Pushkin is designed to be a responsive tool. You can design your systems around Pushkin so it reacts to your game server, database server, client or really any service that can send a HTTP POST request. It is also easily scalable, because you can run as many Pushkin instances as you want. One instance is capable of pushing 500 messages per second.

Pushkin has the MIT license.

Use cases

To fit all use cases, Pushkin has 2 modes of operations:

  1. Push Notification mode - You can issue a direct notification, meaning that you supply the user and the message. Pushkin will find the device id for the user and send the message. This is the simplest use case.

  2. Event mode - You can send Pushkin an event, notifying it that something happened to a certain user. Pushkin will then decide whether it can send a notification based on that event or not. If yes, Pushkin will construct the message in the proper language for the user (localization is supported), find the device id of the user mobile device and send the notification.

These two use cases can be seen on the diagram below:


Quick start

Step 0 - Requirements

In order to run Pushkin you must have Python2.7, pip2.7, PostgreSQL 9.2+ installed and setup. Also you will need Postgres hstore extension in pushkin database.

Example on CentOS:

yum install python27 python27-devel python27-pip python27-psycopg2 postgresql92-server postgresql92-devel postgresql92-contrib

In case of a problem with Postgres, detailed instructions can be found on Postgres Wiki.

Step 1 - Installation

There are 2 ways to install Pushkin:

Using pip:

pip install pushkin

From source:

Clone Pushkin git repo:

git clone https://github.com/Nordeus/pushkin.git
cd pushkin

It will be cloned to a subdirectory called pushkin.

Make sure to place it in some permanent location, as for an editable installation, Python will import the module directly from this directory and not copy over the files.

To install Pushkin run:

python setup.py install

Pushkin is then ready to use.

Step 2 - Setup database

Before starting Pushkin you should run the tests to make sure everything works fine. Requirements before running tests are to make a database pushkin which is owned by user pushkin which has a password pushkin (defined in tests/test_config.ini) and to load SQL schema. You will also need to install the hstore extension.

psql -U postgres -c "CREATE USER pushkin WITH PASSWORD 'pushkin'"
psql -U postgres -c "CREATE DATABASE pushkin WITH OWNER pushkin"
psql -U postgres -d pushkin -c "CREATE EXTENSION HSTORE"

You can initiate the testing by executing:

python -c 'import pushkin; pushkin.run_tests()'

If tests pass, Pushkin is installed correctly.

Step 3 - Setup certificates

Before you start sending notifications, you will need Google Cloud Messaging (GCM) and Apple Push Notification Service (APN) certificates.

You can see how to obtain these certificates on Setup Certificates page.

Step 4 - Starting Pushkin

To start Pushkin you will need config.ini file.
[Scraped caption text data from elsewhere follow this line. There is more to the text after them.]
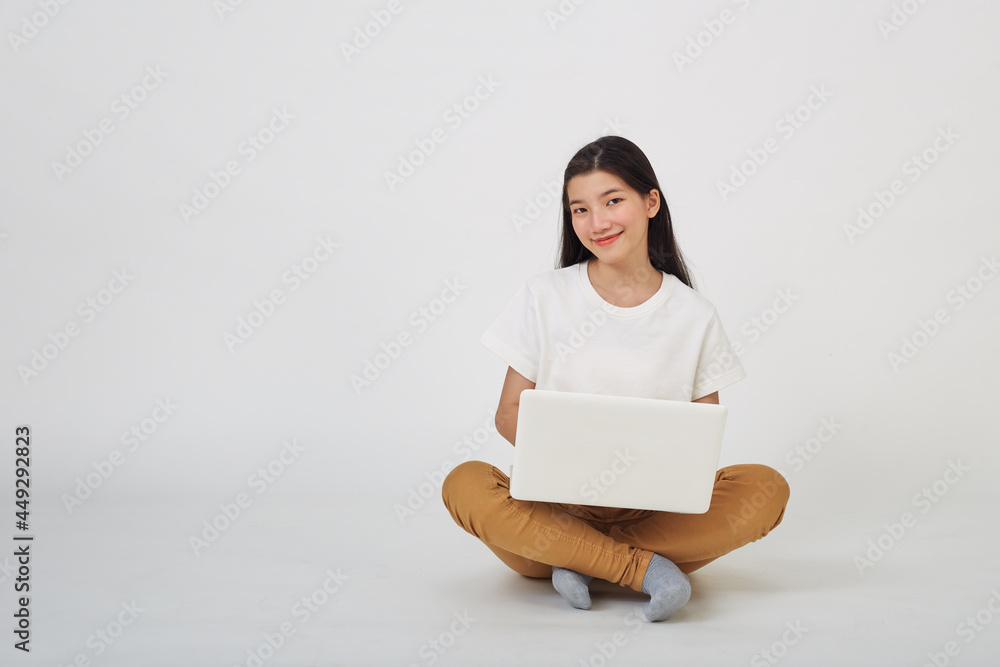 woman attractive sitting on the floor using laptop woman attractive sitting on the floor using laptop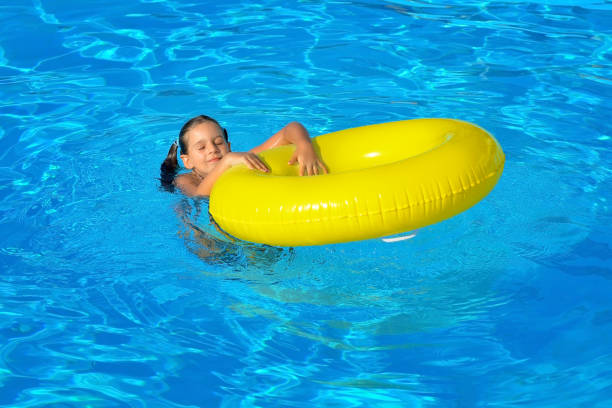 istock Adorable toddler relaxing in swimming pool 690841666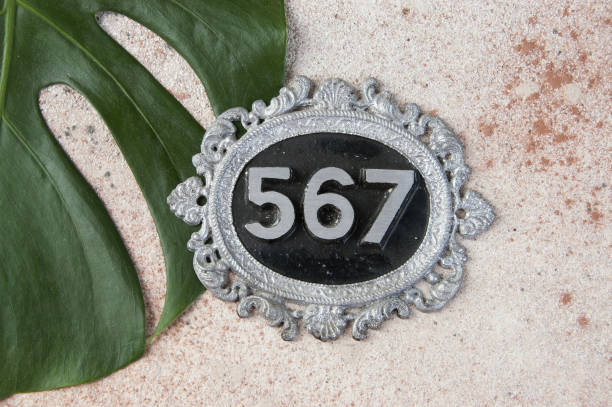 istock Antique door number on concrete background 1206324284
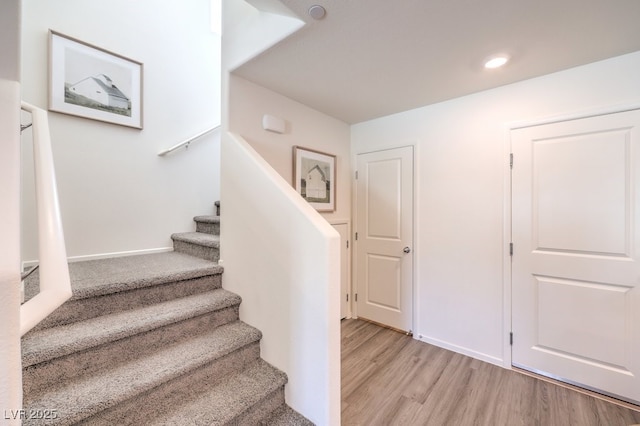 stairs featuring hardwood / wood-style floors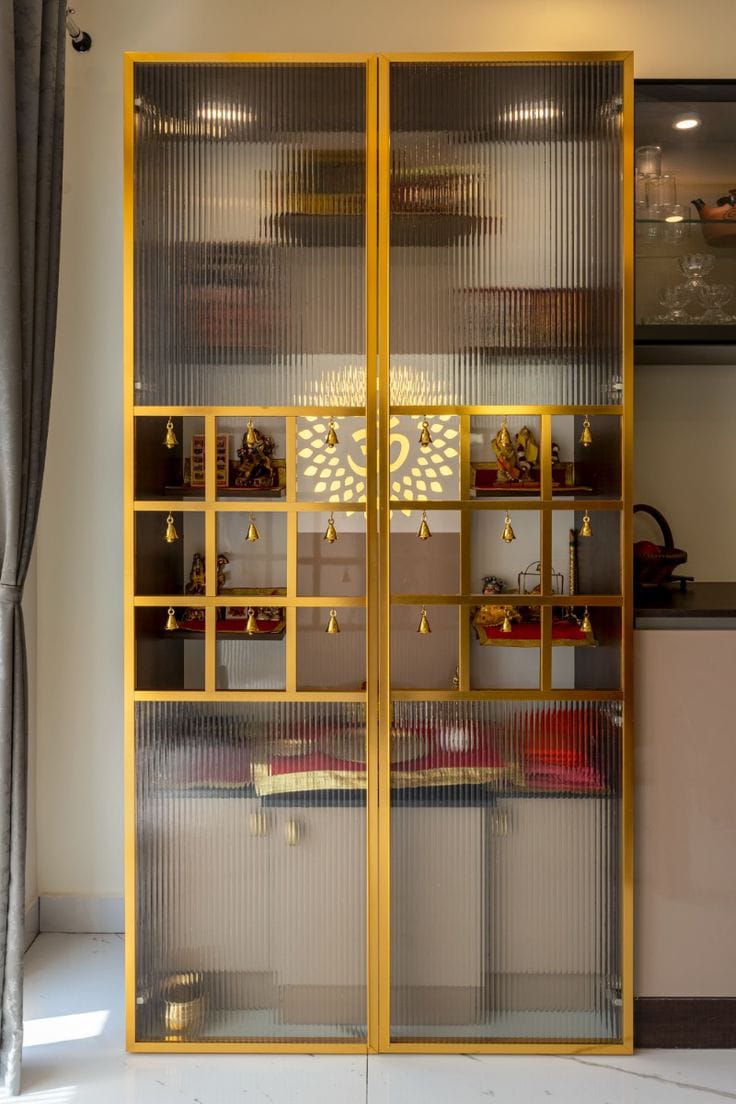Gold framed glass display cabinet with illuminated shelves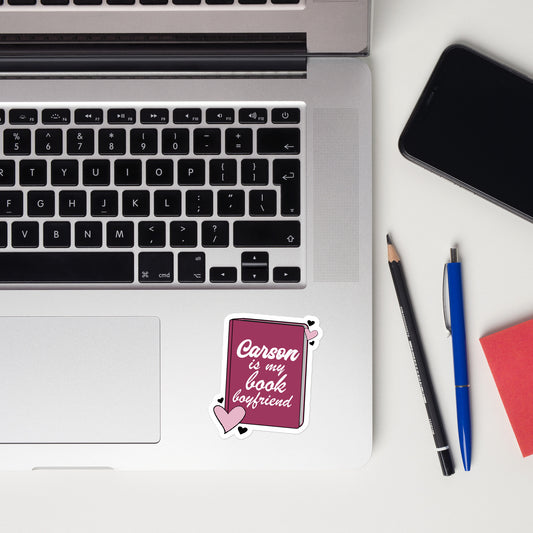 a sticker with the Carson logo. The Carson  Logo is a deep purple book with the words Beckett is my book Boyfriend in cursive, with hearts around the book. 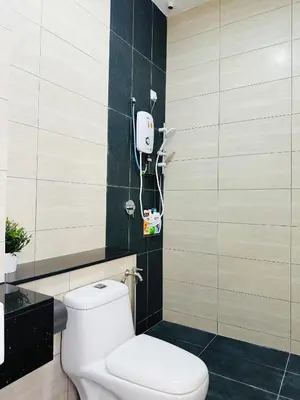 a bathroom with a white toilet and a shower at BM\u5927\u5c71\u811a Double Storey Terrace Autocity Alma Aeon Jusco Nearby in Bukit Mertajam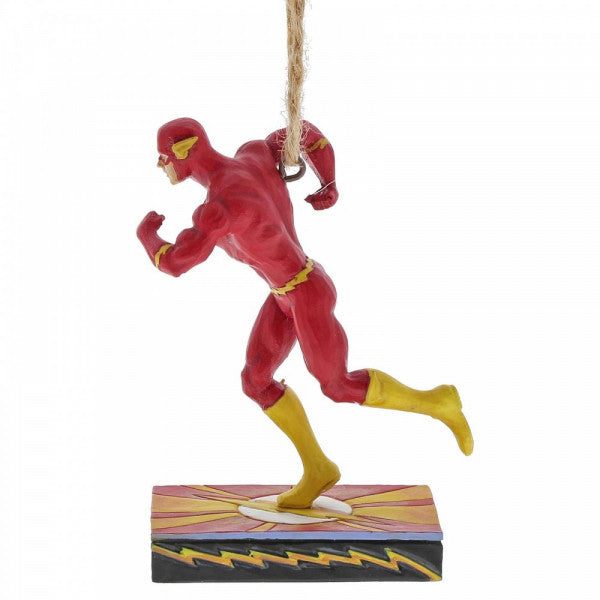 The DC The Flash Silver Age Hanging Ornament by Jim Shore features The Flash in his red suit with yellow boots, running atop a lightning-themed base. This DC Comics by Jim Shore collectible is perfect for Justice League fans to hang and display.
You can find example on GitHub.

If you are starting Pushkin for the first time you should initialize the database which you created in Step 2 with the following command:

pushkin --configuration config.ini --upgrade-db

It is recommended that you also run this command every time you update Pushkin, since it could happen that database is changed.

Now you can start Pushkin:

pushkin --configuration config.ini

Pushkin log is located by default in /var/log/pushkin/pushkin.log. Default log level is INFO, you can change it in config.ini file.
Sent notifications are logged in file /var/log/pushkin/notification/notification.csv by default.

Design and Features

Pushkin was designed with scalability and modularity in mind. We chose to build Pushkin in Python because it is a very popular language, easy to use, easy to learn and has good performance.

Internally, you can divide Pushkin into multiple modules.

  1. Input Servlets
    Input servlets take care of all incoming requests. There are 2 types of servlets in Pushkin, event message and push notification servlets.

  2. Incoming queue
    When servlets process incoming requests, they are dispatched into a queue where they will be picked up by request processing threads.

  3. Request processor
    Request processor manages all incoming requests. It processes them and depending on request type, it constructs the message, localizes it, finds the user device or stores it and in the end it can dispatch an outgoing message to GCM or APN queues.

  4. Outgoing queues
    There are two outgoing queues in Pushkin. GCM and APN queues schedule Android and iOS push notifications, respectively.

  5. Sender processes
    Sender processes are in charge of dispatching messages that are coming in from the outgoing queues

Low Level

Pushkin has some cool features that you can take advantage of, if you choose to use Pushkin in event mode. In that mode, for every new message you create, you must specify an event that will trigger that message. Features you can use then are cooldown, localization and deep linking.

Cooldown - To prevent accidentally spamming your users, for every message you can specify a cooldown interval. This will prevent Pushkin from sending the same message to the same user twice in that interval, even if it receives appropriate events. For example, if you receive a notification which has a cooldown interval of 2 hours at 6pm, you cannot receive the same notification again until at least 8pm.

Deep linking - If you have deep linking implemented on your client application, Pushkin enables you to define a deep link for every message.

Localization - Once you create a new message, you can add multiple versions of that message in different languages. In special login events, which are sent upon every user login to your application, Pushkin will receive the language a user uses. Upon receiving an event that will generate a message, Pushkin will pick the one that is written in the same language the user uses.


Database API

Pushkin stores data about users, devices and messages in PostgreSQL database. There is a database module with functions which should cover most use cases like adding messages or updating device data. For advanced usage of database ORM model for SQLAlchemy is available.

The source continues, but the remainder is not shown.